O co powinno chodzić piłkarzom, którzy ustawiają mur? W skrócie – o to, żeby dostać piłką.
A o co może chodzić piłkarzom Legii, których widać na zdjęciu? Od prawej…
1. Tomasz Kiełbowicz – ma alibi, bo stoi całkowicie z boku.
2. Tomasz Jarzębowski – też stoi z boku, nie czepiamy się.
3. Ariel Borysiuk – wykonuje skręt ciała, żeby nie dostać piłką, ewidentnie boi się kontaktu.
4. Bartłomiej Grzelak – przedziwna figura piłkarska, jakiej dotąd na boiska nie widzieliśmy (mająca na celu niedostanie w mazak). Zupełnie absurdalna akrobacja.

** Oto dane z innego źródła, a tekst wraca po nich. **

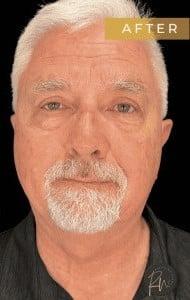 Cosmetic Surgery Dallas blepharoplasty after — Dallas, TX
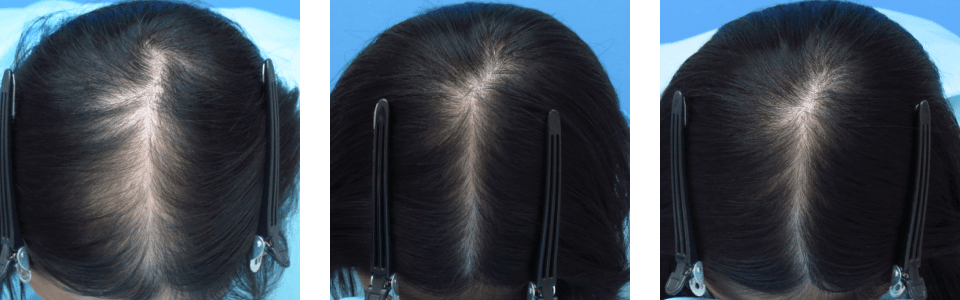 初診時6ヵ月後12ヵ月後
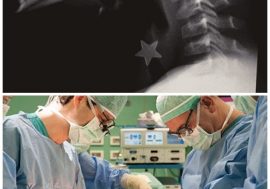 Salvato dai medici di Niguarda bimbo di 8 anni che rischiava di soffocare: aveva ingoiato una stella di metallo di 1,5 cm nella trachea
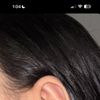 Pliegue concha otoplastia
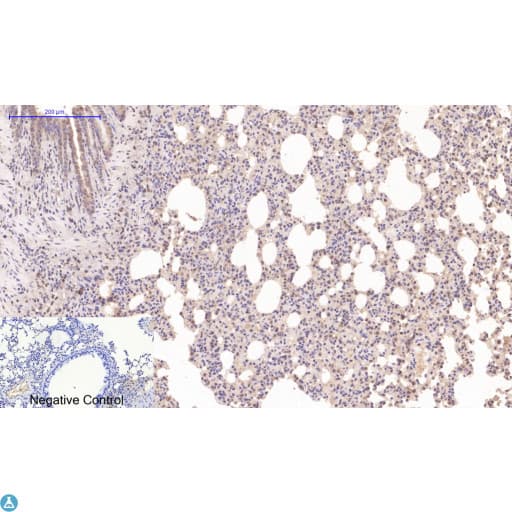 DES / Desmin Antibody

5. Maciej Iwański – na wszelki wypadek nie wyskakuje, ale podnosi ręce (lepszy karny niż dostanie piłką).
W skrócie – na trzech piłkarzy, koło których przeleciała piłka, trzech zareagowało tak, żeby tylko nie bolało. Mogli stać normalnie, na wprost strzelającego i w odpowiednim momencie po prostu podskoczyć. Woleli jednak nie. A przecież uderzał nie Roberto Carlos, tylko Stilić.